根据数据
ds
,根据对象ds$h1
中指定的协调规则,从ds$raw1
和ds$raw2
计算新变量hrule
。
可重复的示例包含10个人对raw1
和raw2
的两个指标的回复:
>ds
id raw1 raw2
1 1 1 1
2 2 1 0
3 3 0 1
4 4 0 0
5 5 NA 1
6 6 NA 0
7 7 1 NA
8 8 0 NA
9 9 NA NA
10 10 1 1
根据某些规则(定性开发),需要将这两个变量转换为单个协调变量。协调变换规则编码在对象hrule
:
>hrule
raw1 raw2 h1
1 0 0 0
2 0 1 1
3 0 NA 0
4 1 0 1
5 1 1 1
6 1 NA 1
7 NA 0 0
8 NA 1 1
9 NA NA NA
因此,应该将第1行的规则读作:
如果受访者在
0
上提供raw1
的值,在0
上提供raw2
的值,则h1
的值应为0
}。
开发一个函数,传递
ds
,hrule
,变量名称,字符向量(c("raw1","raw2")
),以及协调变量的名称("h1"
)和输出一个新的协调变量(ds$h1
)。
(ds <- data.frame("id" = 1:10,
"raw1" = c(1,1,0,0,NA,NA,1 ,0 ,NA,1),
"raw2" = c(1,0,1,0,1 ,0 ,NA,NA,NA,1)))
(response_profile <- ds %>% dplyr::group_by(raw1, raw2) %>% dplyr::summarize(count=n()))
(hrule <- cbind(response_profile, "h1" = c(0,1,0,1,1,1,0,1,NA)))
new_function <- function(ds, hrule,
variable_names, # variable_names = c("raw1,"raw2"), the number will vary
harmony_name # harmony_name = "h1", there might be "h2"
){
}
提前感谢您的想法!
答案 0 :(得分:0)
这是@Symbolix建议的完整解决方案
rm(list=ls(all=TRUE)) #Clear the memory of variables from previous run.

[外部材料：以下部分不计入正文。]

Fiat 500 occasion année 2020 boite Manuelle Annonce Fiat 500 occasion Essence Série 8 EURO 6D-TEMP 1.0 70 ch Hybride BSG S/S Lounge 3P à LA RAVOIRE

This is not called by knitr, because it's above the first chunk.
cat("\f")
library(magrittr)
(ds <- data.frame("id" = 1:10,
"raw1" = c(1,1,0,0,NA,NA,1 ,0 ,NA,1),
"raw2" = c(1,0,1,0,1 ,0 ,NA,NA,NA,1)))
response_profile <- ds %>% dplyr::group_by(raw1, raw2) %>% dplyr::summarize(count=n()) %>% dplyr::select(-count)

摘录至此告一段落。